Question about problem in Godel, Escher, Bach

Right now I’m reading Godel, Escher, Bach by Douglas Hofstader. I just finished the section on typographical number theory. At the end of the section, he gives some exercises to familiarize the reader with the theory and its conventions. For the first problem, write that “b is a power of 2.” I thought to show that b can’t have an odd factor, so I came up with this:

∀b:~∃a:<∃c:ca=b⊃∃d:ss0d=a-s0>

For all b, there does not exist an a, such that if there exists a c, such that ca=b, then there exists a d such that 2d=a-1.

I might have messed up on my syntax, but I think my idea was sound. But then the next problem asks to show that b is a power of 10. Hofstader warns that:

I wouldn’t really put myself in either category, so I turn to you, great dopers. I would think you have to show that b can be written in the form 2^n*5^n, but that’s about as much headway as I can make.

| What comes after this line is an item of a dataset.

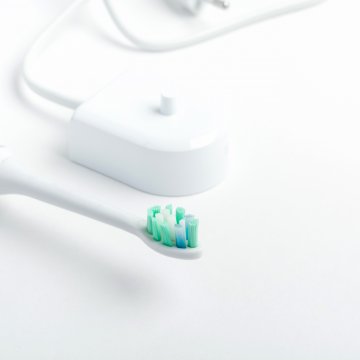 Electric toothbrush with charger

Thanks in advance.

[For those who care and to whom it would mean something, Typographical Number Theory, unless I’m mis-reacquainting myself with it, is just the same as the usual presentation of Peano Arithmetic (except that the successor operator is only used in the syntax of numeric constants).]

Your first formula is a little off: you’ve given a formula that expresses “For all b, something something”, but you don’t mean to say “For all b, b is a power of 2”. You just want to say “b is a power of 2”. So leave off the initial ∀b.

The “something something” is a little off as well: you want to say “there doesn’t exist a number which is both a factor of b and odd”, but you actually say “there doesn’t exist a number such that if it were a factor of b it would be odd”. This latter statement is different from the former one [since it amounts to saying “there doesn’t exist a number which is either not a factor of b or odd”].

Also, technically, TNT only has + as a primitive operation, not -. So we’ll rephrase 2d = a - 1 as 2d + 1 = a.

So, pulling all these reformulations of your first statement together, we get that “b is a power of 2” can be expressed as “~∃a:[[∃c:ca=b] & [∃d:ss0d + s0 =a]]”

As for expressing “b is a power of 10”: if we could just find a way to simulate finite lists of numbers within TNT, we would be set. For then we could define “b is a power of 10” as “there exists a list whose initial element is 1, whose (k+1)-th element is 10 * its k-th element [for all k], and whose last element is b”.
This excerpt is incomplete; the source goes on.